Eight chapters of love poetry, traditionally attributed to Solomon by the opening line and called the Song of Songs in Hebrew, meaning the greatest of songs. The book is set in the countryside and city of ancient Israel: vineyards near En-gedi, the streets of Jerusalem, the cedars of Lebanon, the gardens of nuts and lilies. Two main voices speak, a young woman and her beloved, with a chorus of friends called the daughters of Jerusalem interjecting. Date is debated: a 10th-century BC composition under Solomon, an editing of older love-poetry tradition during the monarchy, or a post-exilic gathering of songs are all on the table. Egyptian and Mesopotamian love poetry from the same broad period reads in the same register.

Where in history

United Monarchy or later

Solomonic attribution + Hebrew love-poetry tradition

  1. 970 BC

    Solomon crowned in Jerusalem

    The opening line attributes the Song to Solomon. 1 Kings 4:32 credits him with 1,005 songs; the Song of Songs is the canonical survivor.

  2. 930 BC

    Solomon dies; the kingdom splits

    If Solomon authored the book, this is the latest it could have been composed in the form attributed to him.

  3. 430 BC

    Possible post-exilic editing into final form

    Some scholars place the final shape of the book in the post-exilic period because of Aramaic-flavored vocabulary and a Persian-period loanword for 'orchard' (pardes) in 4:13. A Solomonic core inside a post-exilic frame is one defensible reading.

The amber span: Solomon's reign through possible post-exilic editing.

The big idea

The whole book is the love between a woman and a man, told in their own voices. He praises her body; she praises his. They miss each other, they search for each other through the city, they find each other and lose each other and find each other again. There is no plot in the conventional sense and no narrator outside the lovers and their friends. God is never named. The law is never cited. The book runs in three rough movements: longing and a first encounter (1-2), a wedding-night dream-sequence (3-5), and mutual delight settled into a love that even floods cannot drown (6-8). One verse near the end states the spine: love is strong as death.

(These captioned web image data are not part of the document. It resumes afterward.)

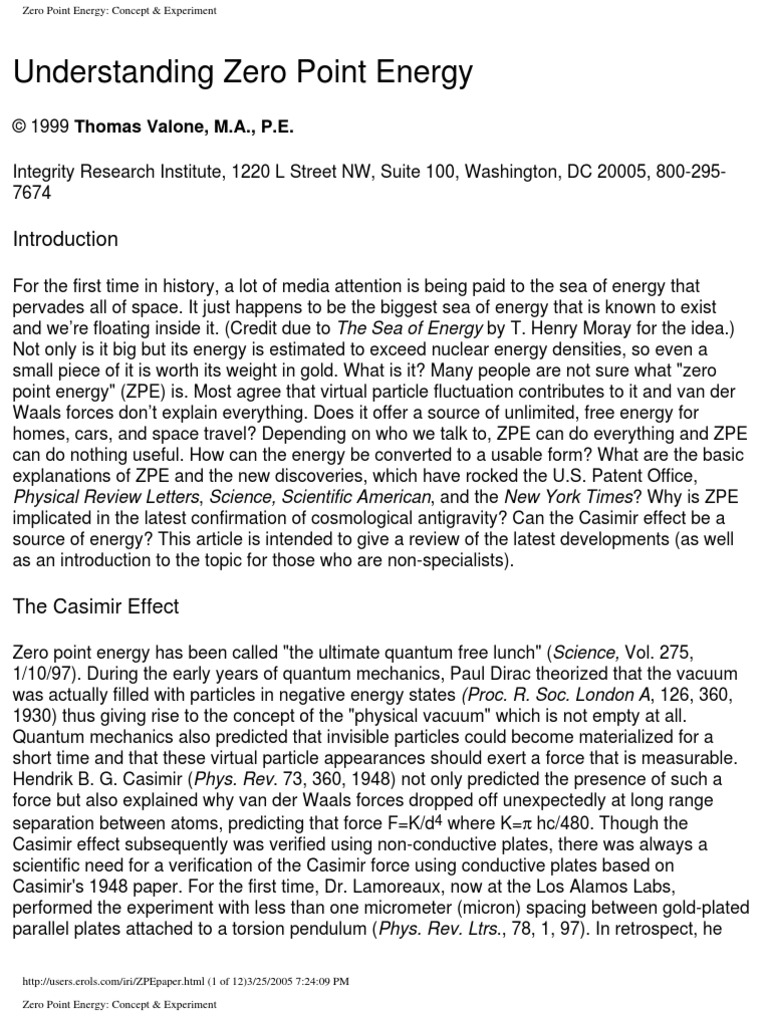 Understanding Zero Point Energy By Thomas Valone 1999 Pdf Quantum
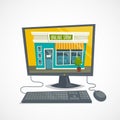 Online shop concept with computer shop building, computer mouse and keyboard, vector cartoon illustration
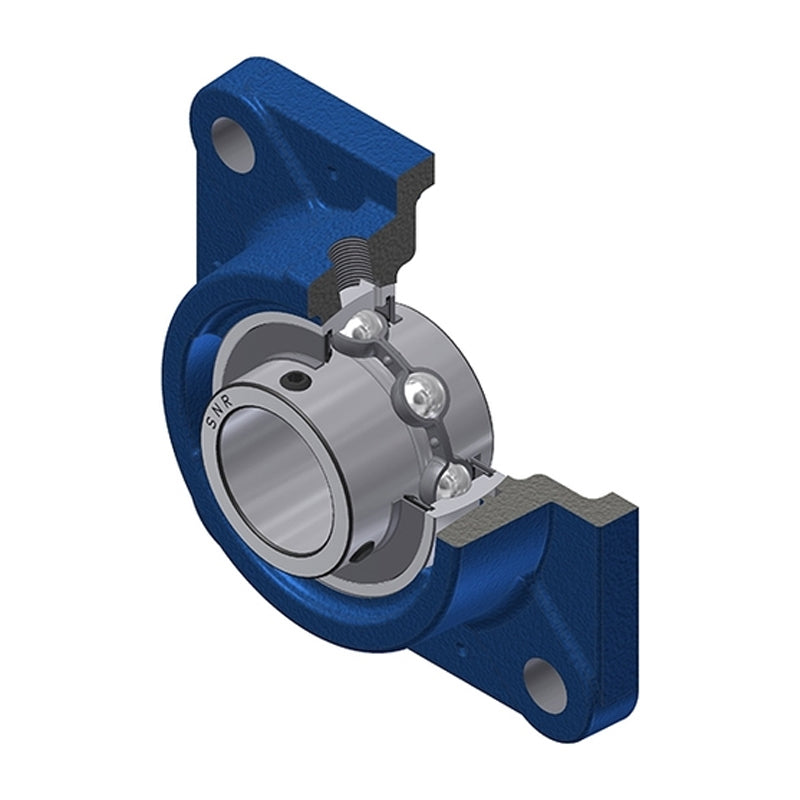 SNR UCFE210-31 Imperial Four Bolt Square Cast Iron Flange Housing with 1-15/16 inch Bore Insert - Allow 2-3 Days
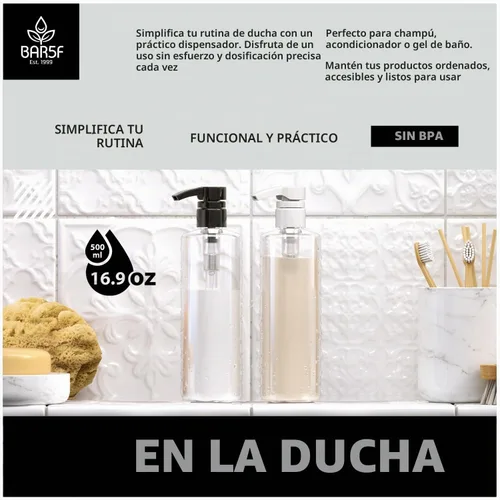 Vista 5 de Bar5F Botellas de loción de plástico con bombas blancas y negras, 16 onzas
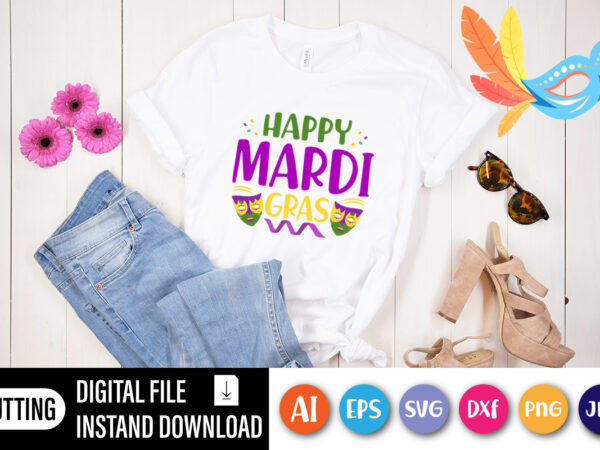 Happy mardi gras t shirt, typography design for print, mardi gras illustration for shirt, iron, phone case, mug, wall art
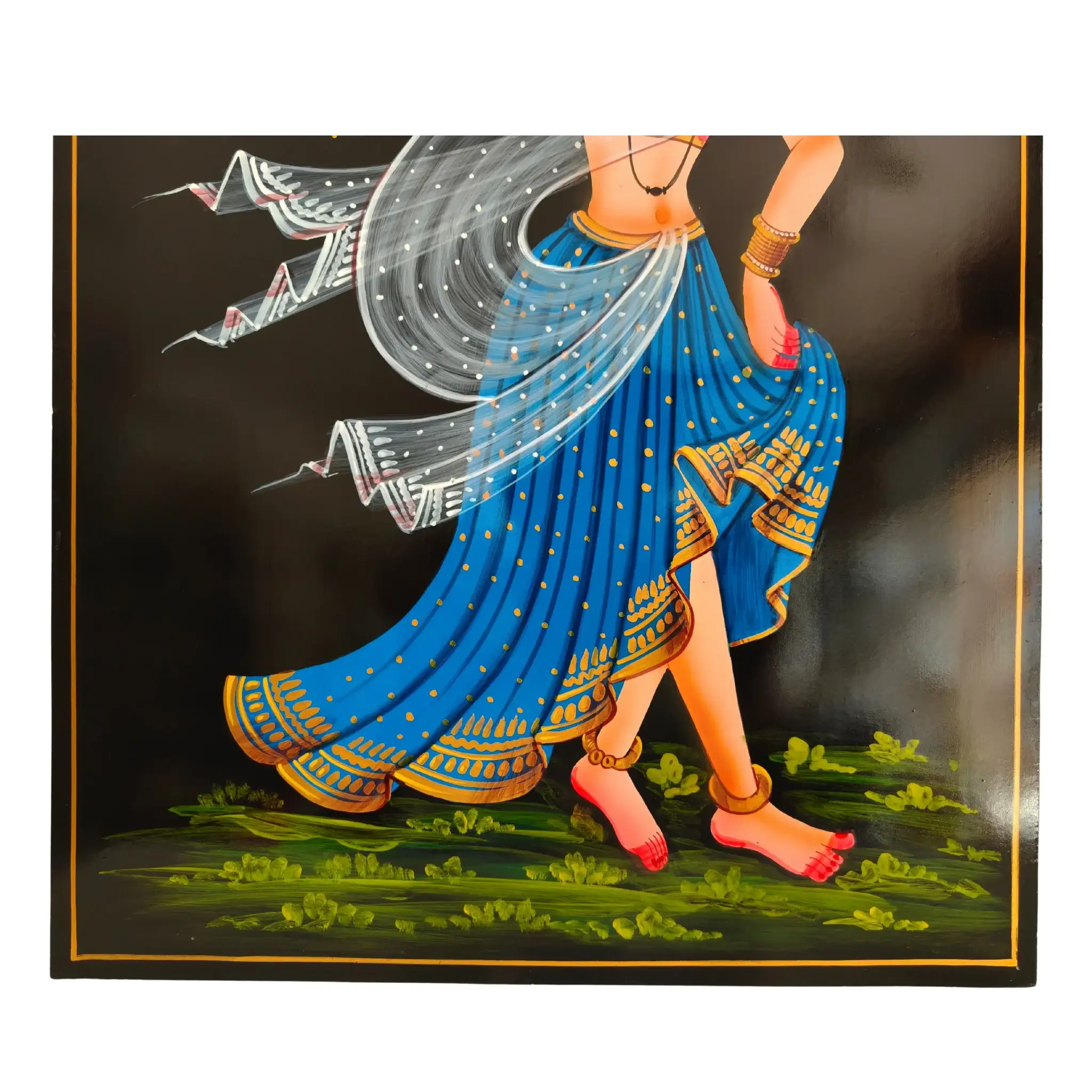 Village Belle with Water Pot - Nirmal Painting - Image 4
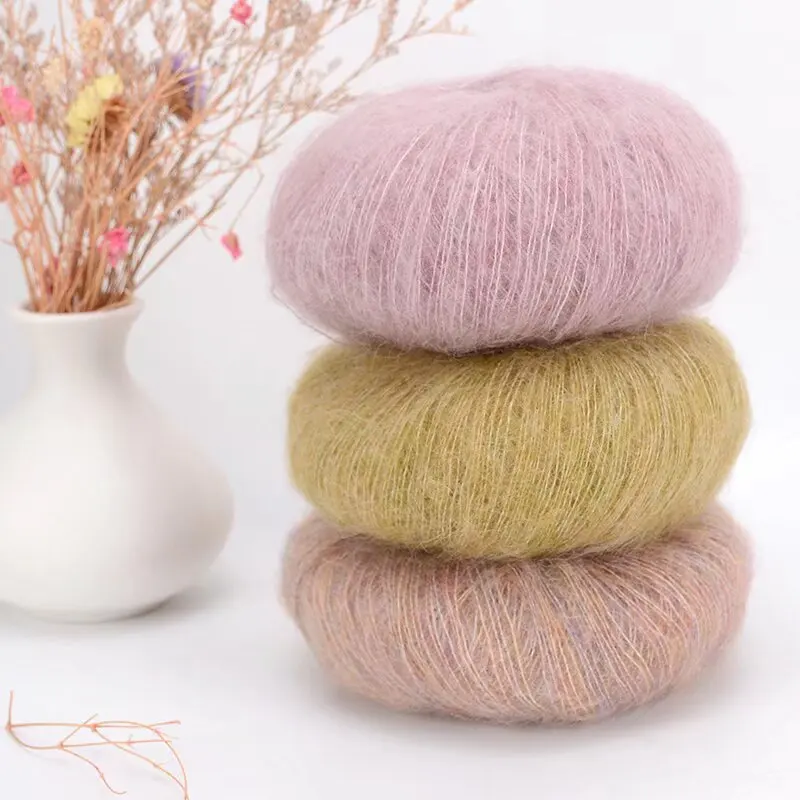 Soft Mohair Hand Woven Fine Thread DIY Mohair Yarn Soft Thread Hand Woven Scarf Hat Sweater Yarn Clearance Knitting Yarn Crochet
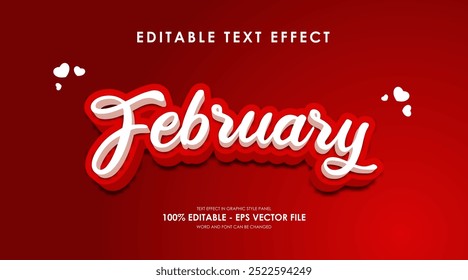 Editable February Red Text Effect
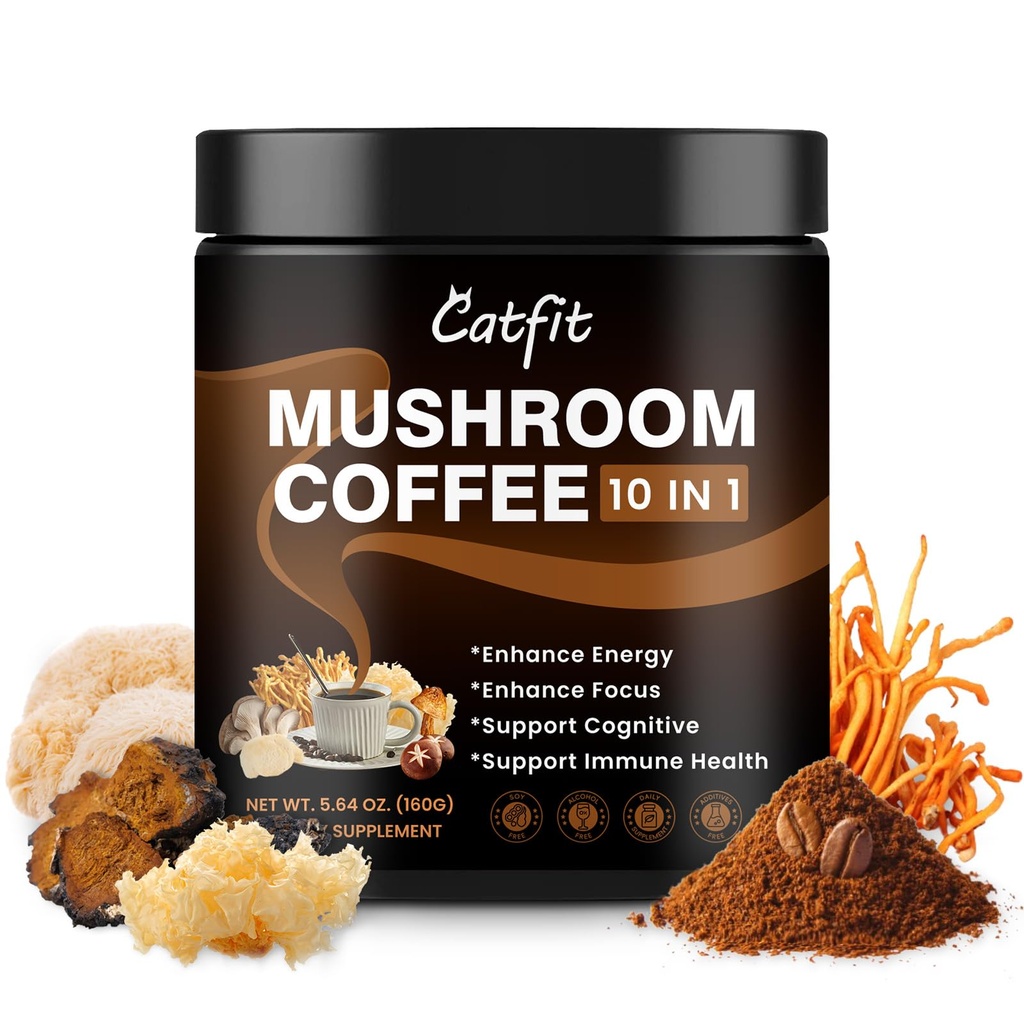 Catfit Instant Mushroom Coffee Powder, 10-in-1 Adaptogen Blend with Lion's Mane, Chaga & Cordyceps for Energy, Focus, Gut Health & Immune Support - 160g, 50 Servings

Why this book still matters

The Song is the Bible's most extended treatment of erotic love. Jewish tradition reads it as a portrait of YHWH's covenant love for Israel; Rabbi Akiva is reported to have said all the writings are holy but the Song of Songs is the holy of holies. Christian tradition reads it allegorically too, as Christ's love for his church or for the soul, a reading that produced some of the most influential medieval mystical writing, including Bernard of Clairvaux's eighty-six sermons on the first two chapters alone. From the 19th century on, a literal reading has reasserted itself: a married couple's love sung as a gift in itself, with the allegory layered on top. Both the allegorical and literal readings have continuous ancient traditions. The Talmud preserves debate over the book's place in the canon; Aqiba (early 2nd century AD) famously defended it as the 'Holy of Holies' of scripture.

Song of Solomon 8:6-7

Set me as a seal upon thine heart, as a seal upon thine arm: for love is strong as death; jealousy is cruel as the grave: the coals thereof are coals of fire, which hath a most vehement flame. Many waters cannot quench love, neither can the floods drown it: if a man would give all the substance of his house for love, it would utterly be contemned.

~2000 years

Bernard of Clairvaux, Sermons on the Song of Songs (12th century)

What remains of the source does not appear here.